__Your task__: Each line from the one with "Нашли прослушку в" through the last line of the material is to be printed exactly; no other line and no picture belongs in the copy.

__Data excerpt__:
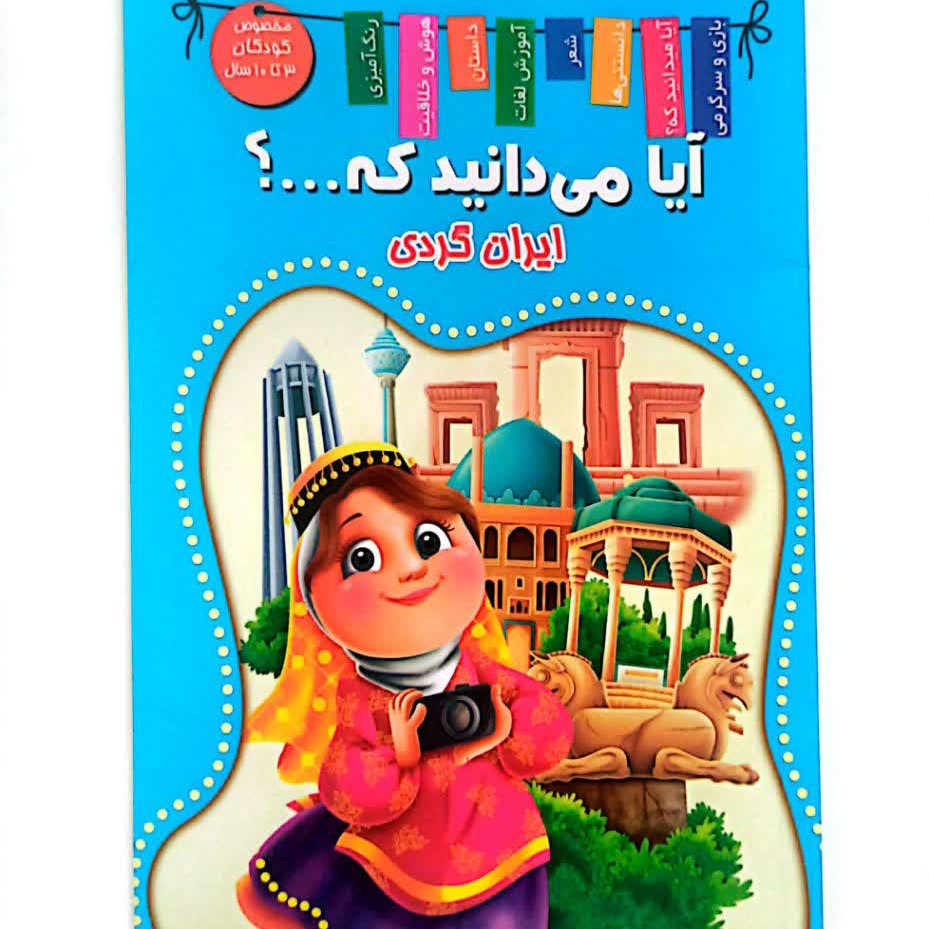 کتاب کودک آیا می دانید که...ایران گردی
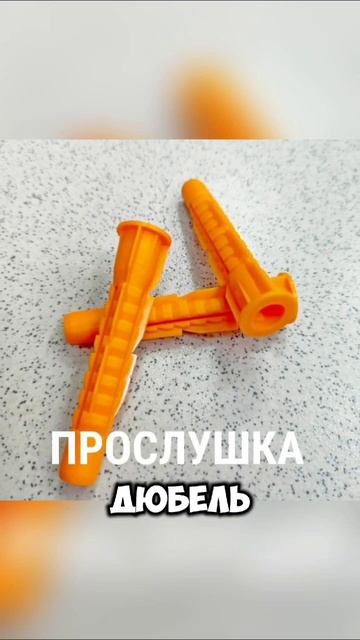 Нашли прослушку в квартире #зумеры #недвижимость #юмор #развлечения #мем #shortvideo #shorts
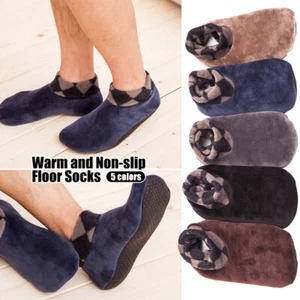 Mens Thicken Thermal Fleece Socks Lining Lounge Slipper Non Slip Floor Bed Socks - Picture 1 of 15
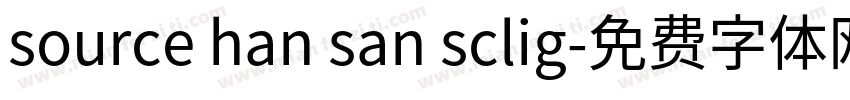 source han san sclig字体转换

__Solution below__:
 Нашли прослушку в квартире #зумеры #недвижимость #юмор #развлечения #мем #shortvideo #shorts
 Mens Thicken Thermal Fleece Socks Lining Lounge Slipper Non Slip Floor Bed Socks - Picture 1 of 15
 source han san sclig字体转换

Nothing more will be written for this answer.